Tudo seria normal se João Lourenço tivesse seguido o rumo de José Eduardo dos Santos — o que não aconteceu. Em nome da tal “cruzada contra a corrupção”, demitiu os filhos do seu antecessor das posições-chave que ocupavam na economia angolana, afastou do seu inner circlegenerais como Kopelipa e Dino que representam a promiscuidade entre o Estado e o setor privado e passou a defender mais transparência para a vida pública angolana.
Este homem, contudo, é o mesmo que utilizou todos os instrumentos diplomáticos ao seu dispor para promover o arquivamento de suspeitas graves de corrupção, fraude fiscal e branqueamento de capitais imputadas a Manuel Vicente. É que, não tenhamos dúvidas, as suspeitas contra Vicente vão ser arquivadas em Angola pouco tempo depois de ‘aterrarem’ em Luanda.

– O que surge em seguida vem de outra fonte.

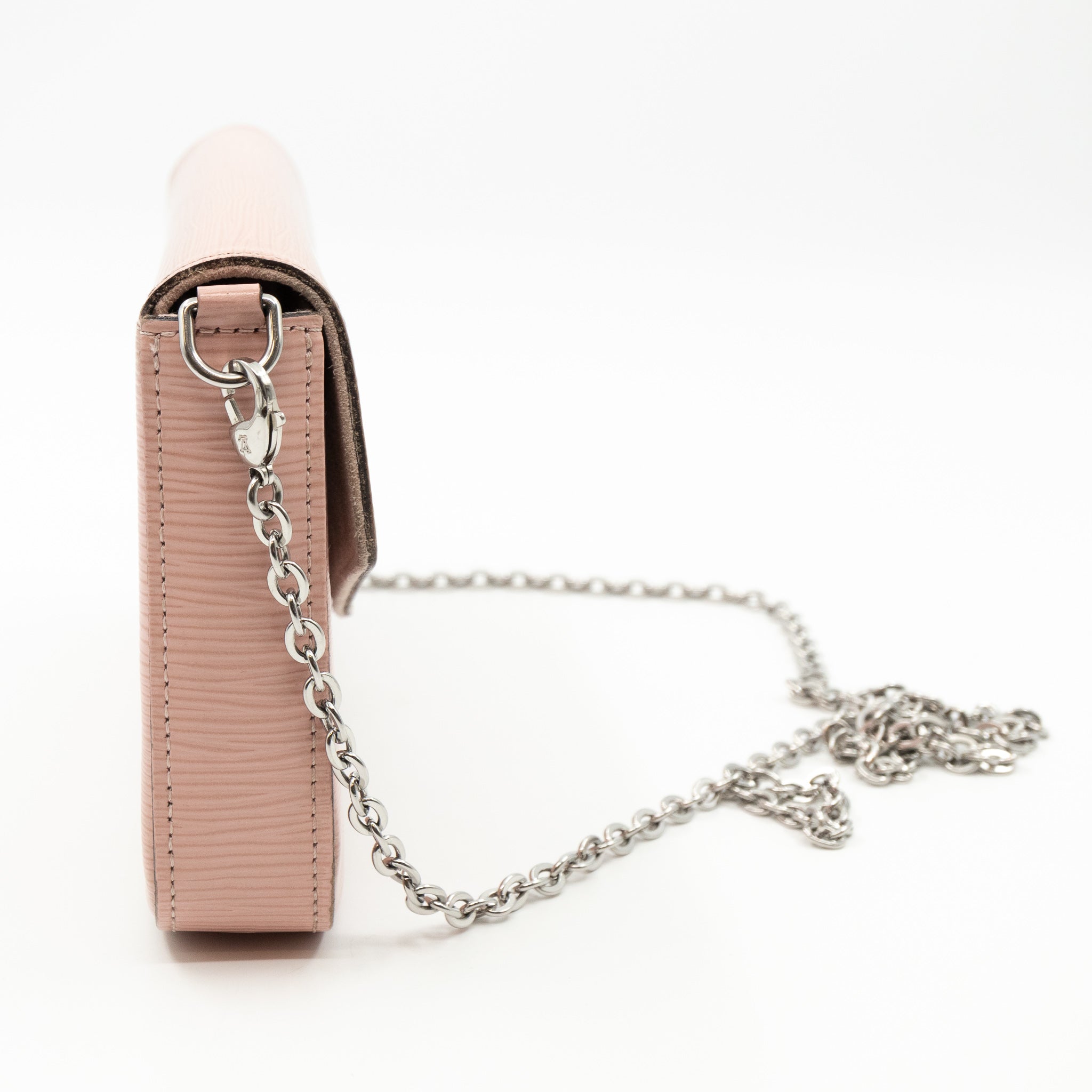 Pochette Felicie Epi Leather Rose Ballerine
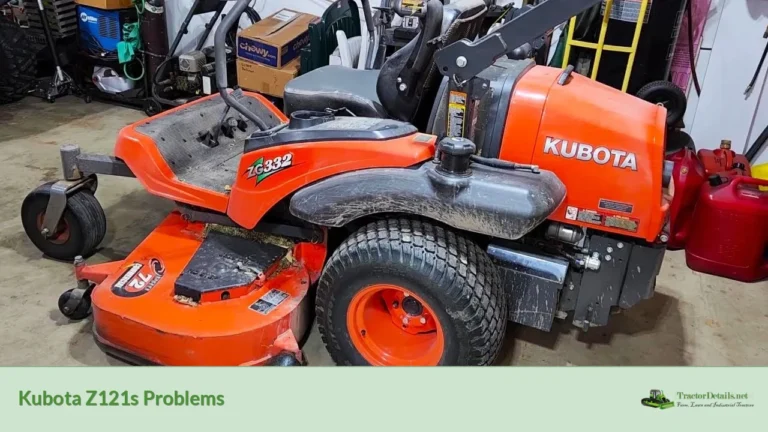 kubota z121s problems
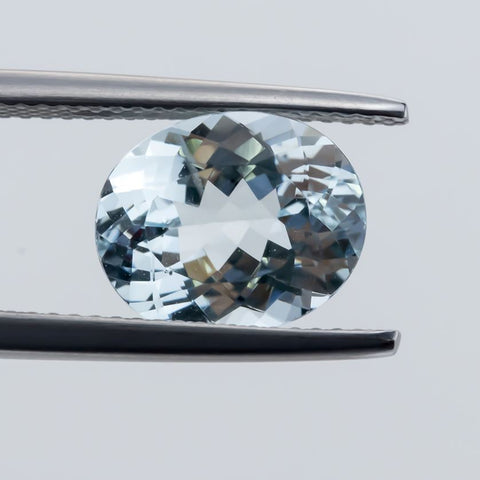 Natural Aquamarine 3.25 CT 11X9 MM Oval Exclusive collection RMCGEMS 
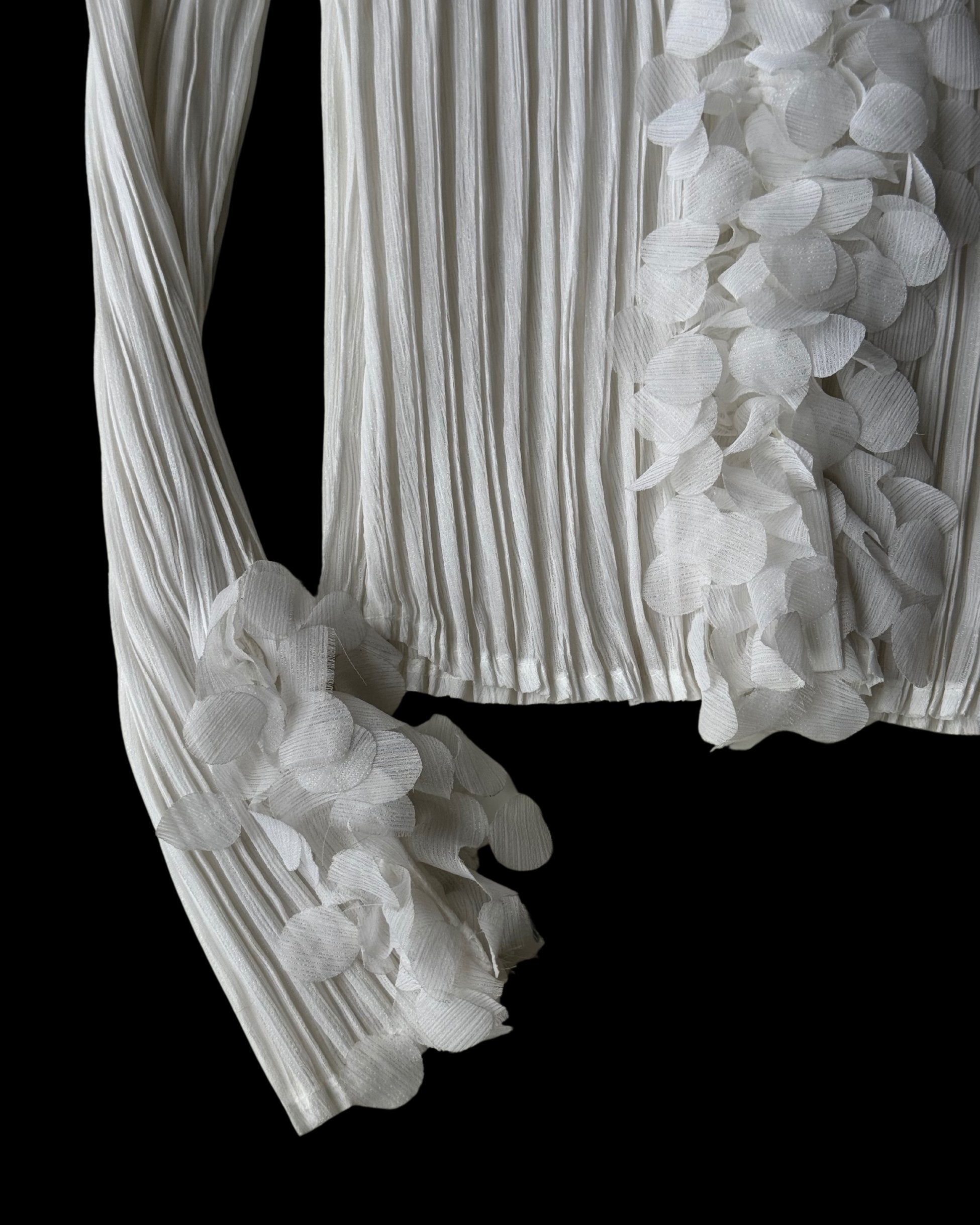 Chiffon Blouse with Collar and Sleeve Details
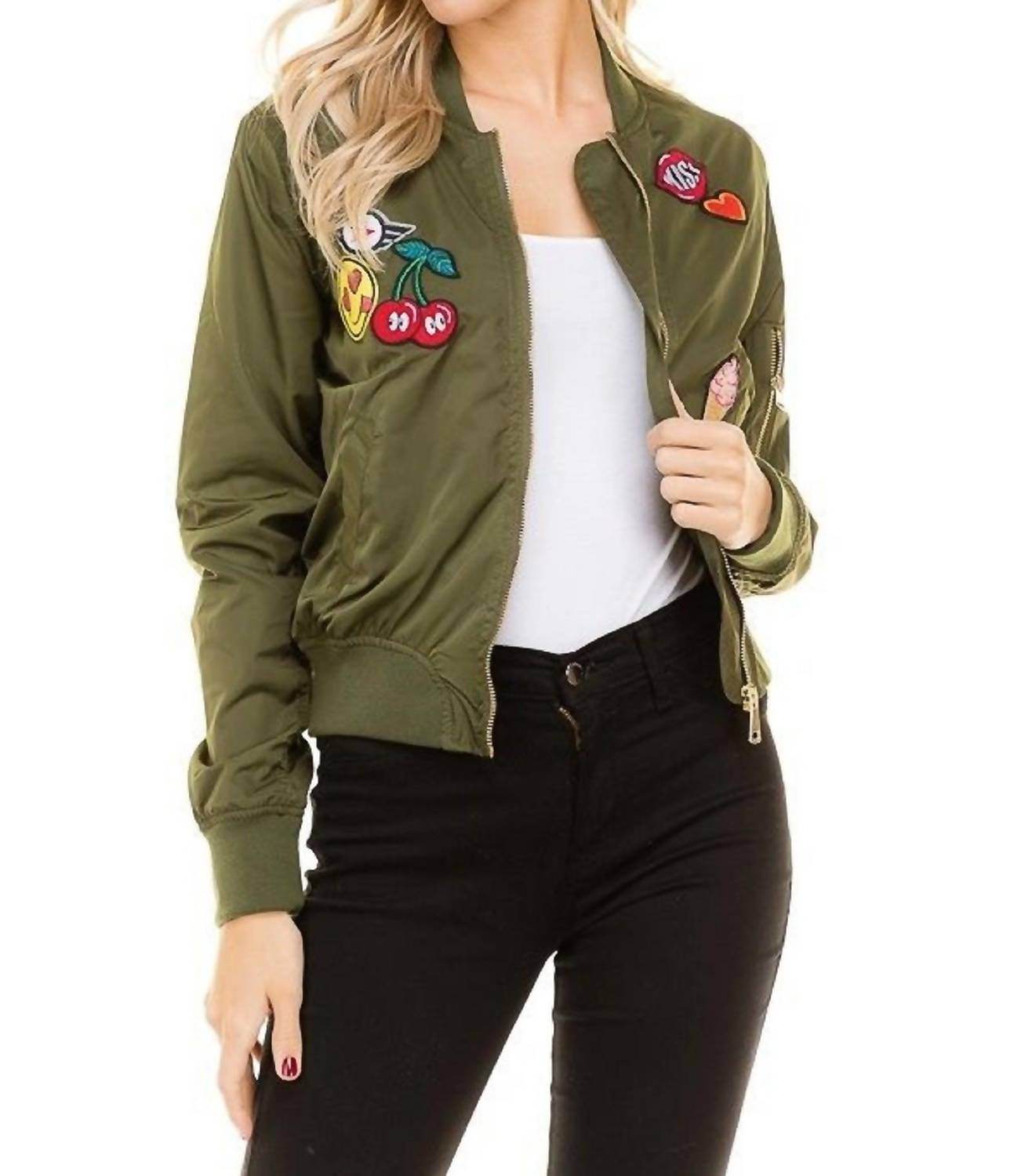 Heart and Hips - Bomber Patch Jacket - Rack Hunt -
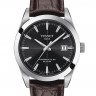 Коричневый кожаный ремешок Tissot T610045400, теленок, 21/18, без замка, для часов Tissot Gentleman T127.407, T127.410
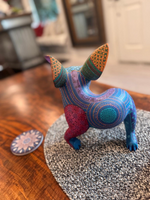 Fusion Owl Alebrije Figurine Handmade Home Decor, Folk Art from Oaxaca Mexico, Original Wood Sculpture Unique Fusion Statue Gift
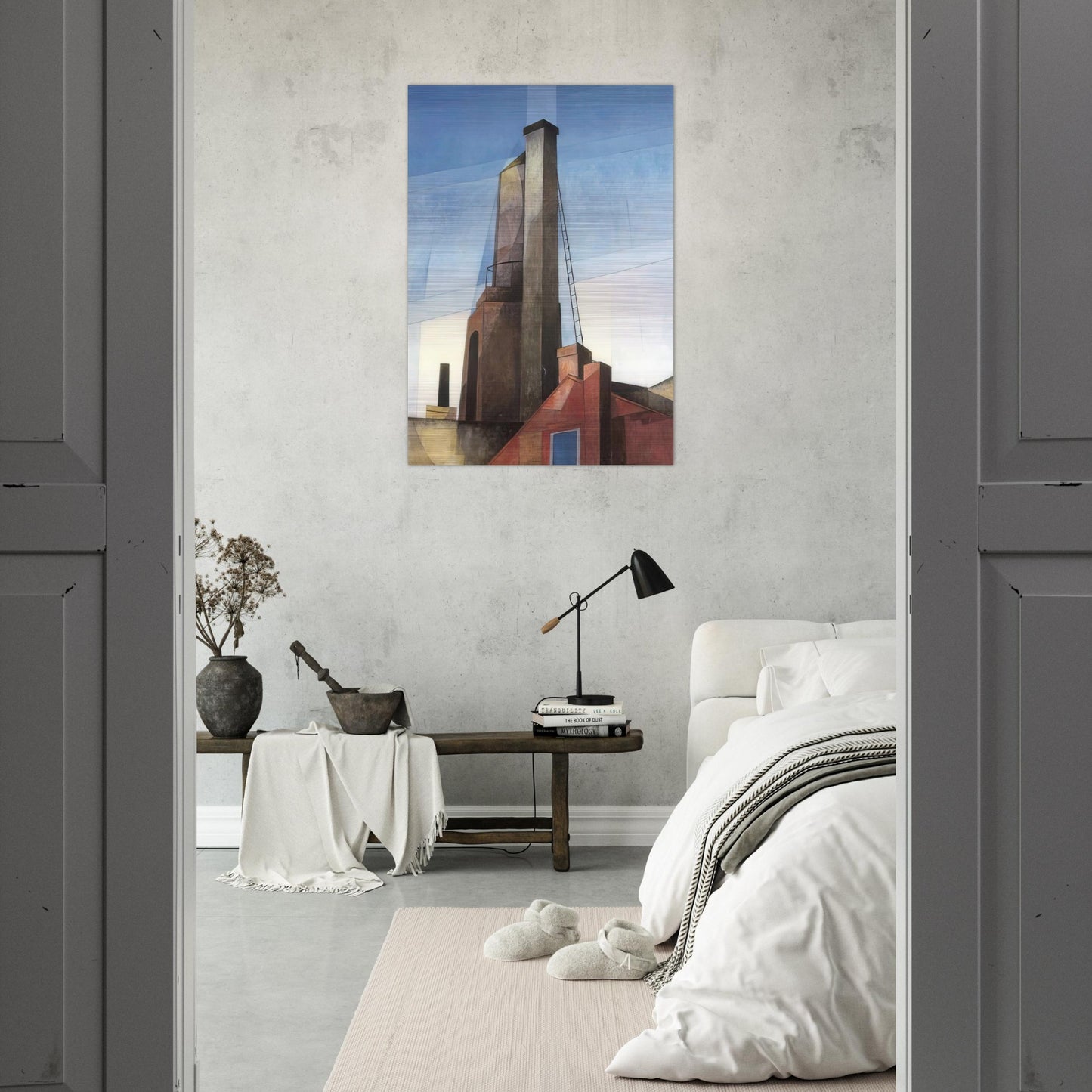 Aucassin and Nicolette - 1921 - Charles Demuth Brushed Aluminum Print - 70x100 cm / 28x40 inches | Charles Demuth Aluminum Print | Charles Demuth Prints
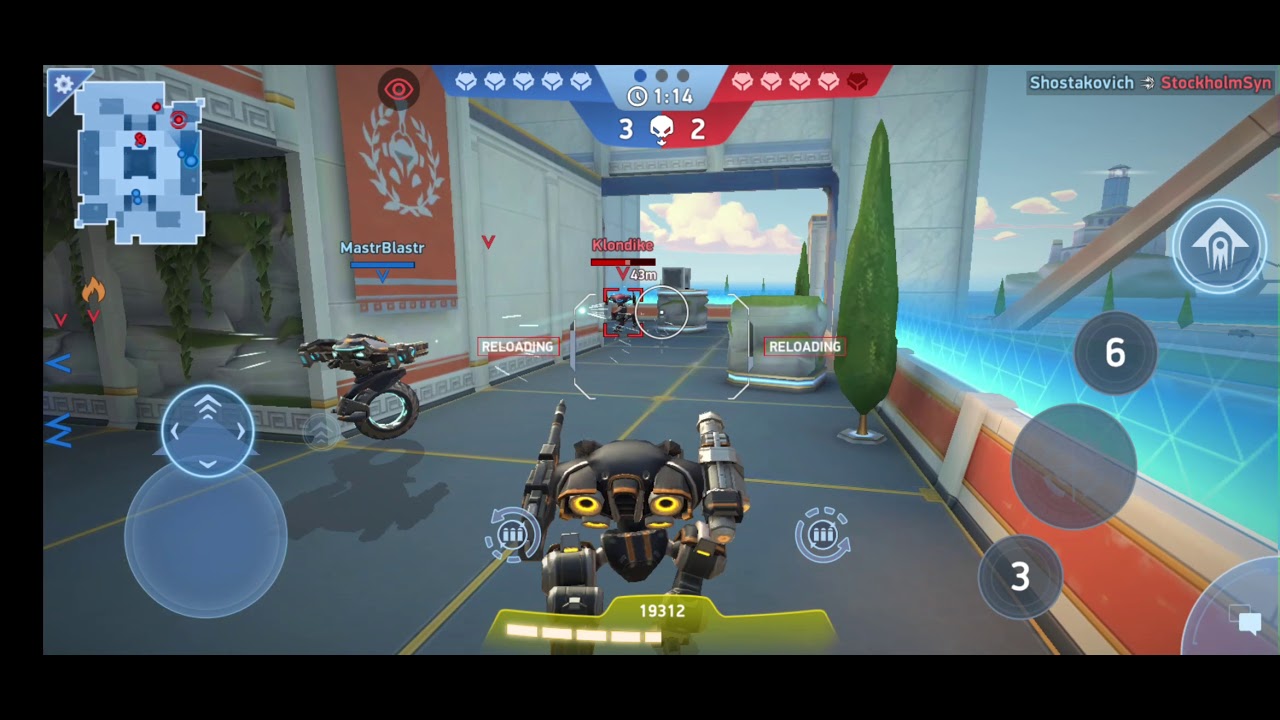 MECH ARENA Shostakovich/pHakor vs SeismicSmosh/ATotalLoony in Tournament Mayhem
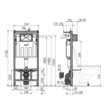 Инсталляция ALCAPLAST (рама, крепёж, кнопка хром/глянец) AM101/1120  4в1 + M571-0001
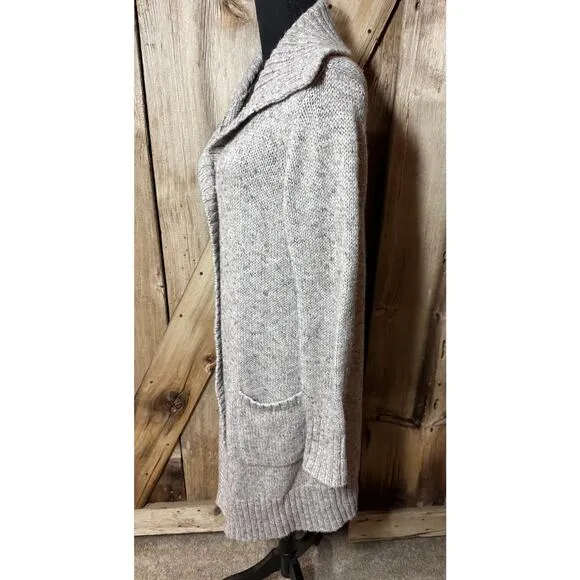 Coldwater Creek Winter Mix Duster Long Cardigan Sweater Gray Women's Small S
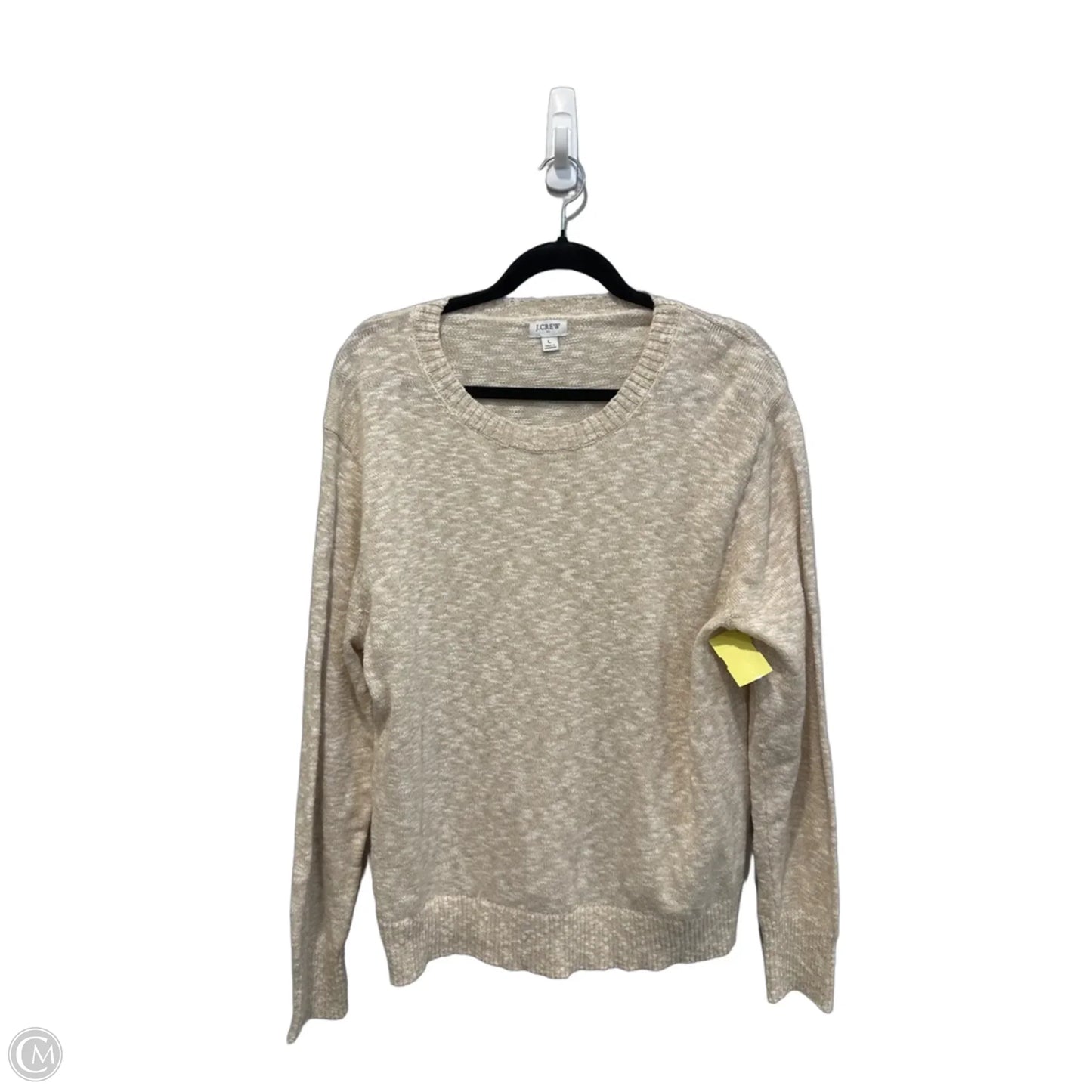 Top Long Sleeve By J. Crew In Cream, Size: L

Porquê? Porque a existência de uma aministia de todos os crimes económicos que são imputados a Vicente impede que a ação penal seja prosseguida contra o ex-presidente da Sonangol. E sim, caro leitor, leu bem: o ex-presidente José Eduardo dos Santos aprovou uma amnistia geral dos crimes de corrupção, fraude fiscal, branqueamento de capitais e de outro tipos de crimes com a exceção dos crimes de sangue.
Que credibilidade terá, a partir do mais do que provável arquivamento do caso Manuel Vicente em Angola, a “cruzada contra a corrupção” de João Lourenço? Não será esse um indício forte de que em Angola apenas está em causa a substituição de uma clique por outra? O futuro dirá.